2. Kahraman (Ben) Bakış Açısı:
Olaylar, hikâye kahramanlarından birinin ağzıyla anlatılır. Olayları yaşayan kahraman, olaylar karşısındaki izlenim ve tutumunu kendi bakış açısıyla yansıtır. Bu bakış açısında anlatıcı birinci kişidir.
3. Gözlemci (Müşahit) Bakış Açısı:Anlatıcı; gördüklerini, tanık olduklarını aktarır. Hikâye kahraman- larının aklından geçenleri bilmez. Anlatıcının anlatımı gördükleriyle sınırlıdır. Nesnel bir tutum sergilenir. Bu bakış açısında anlatıcı üçüncü kişidir.
Bir metinde birden fazla anlatıcı ve bakış açısı bulunabilir, anlatıcının değişmesine göre bakış açısı da değişebilir.

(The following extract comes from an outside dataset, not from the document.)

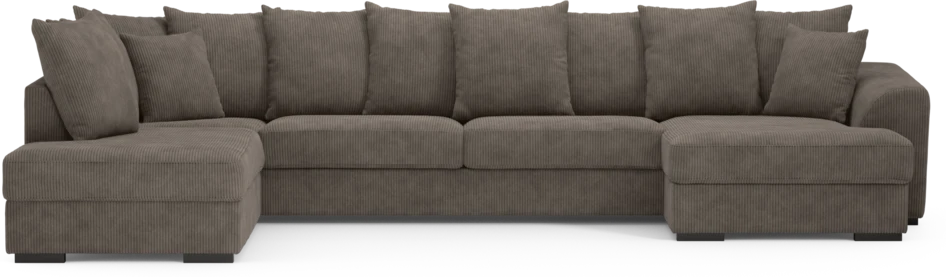 Town - 3-sits soffa med divan vänster och schäslong höger - Brun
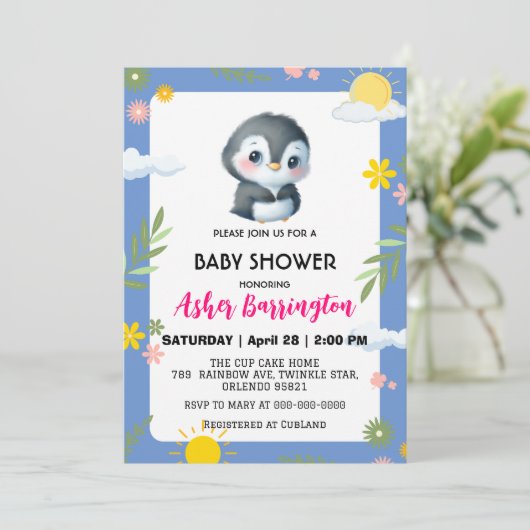 Invitation Mignonne pingouin soleil fleur baby shower enfants (Debout devant)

Teması, konusu ve çatışma unsurları ile hikâye; yazıldığı dönemin siyasi, ekonomik, kültürel özelliklerini yansıtır. Tema, hikâyedeki temel duygu veya düşüncedir, soyut ve geneldir: sevgi, dostluk vb. Konu, hikâyedeki duygu veya düşüncenin somut bir duruma bağlı olarak ele alındığı olgudur, temayı sınırlandırır:
Türkiye’de aile bağları vb. Karşılaşma, olay çevresinde gelişen edebî metinlerde çatışmaları, olay halkalarını veya yeni durumları oluşturacak şekilde kahramanların yüz yüze gelmeleridir. Çatışma, hikâyede karşıt duygu, düşünce ve isteklerin; kişilik özelliklerinin bir arada sergilenmesi ile ortaya çıkan durumdur. Olayların dayandığı asıl ögedir, merak duygusunu canlı tutar: hayal-gerçek çatışması vb.
Hikâye Türleri
Hikâyeler genel olarak olay hikâyesi ve durum hikâyesi olmak üzere ikiye ayrılır:
Olay Hikâyesi:
Hikâyedeki olayın serim, düğüm ve çözüm bölümlerine uygun olarak mantıksal bir sıralamayla sonuca bağlandığı hikâye türüdür.
Bu tarz hikâyenin temeli bir olay anlatımına dayanır.
Olay hikâyesinde kahramanların ve çevrenin tasvirine önem verilir, okuyucuda merak ve heyecan duygusu uyandırılır.
Fransız yazar Guy de Maupassant (Giy dö Mopasan) tarafından geliştirilen bu hikâye türüne Maupassant tarzı hikâye de denir.
Olay hikâyesinin Türk edebiyatındaki başlıca temsilcileri Ömer Seyfettin, Refik Halid Karay ve Reşat Nuri Güntekin’dir.
Durum Hikâyesi:
Olaylardan çok, günlük yaşamın bir kesitini ele alıp anlatan hikâye türüdür.
Durum hikâyesinde ruhsal çözümlemelere ağırlık verilir, olay ikinci planda kalır.
Bu tarz hikâyede serim, düğüm, çözüm bulunmaz; okuyucunun merak duygusuna seslenilmez.
Rus yazar Anton Çehov tarafından geliştirilen bu hikâye türüne Çehov tarzı hikâye de denir. Durum hikâyesinin Türk edebiyatın- daki başlıca temsilcileri Memduh Şevket Esendal ve Sait Faik Abasıyanık’tır.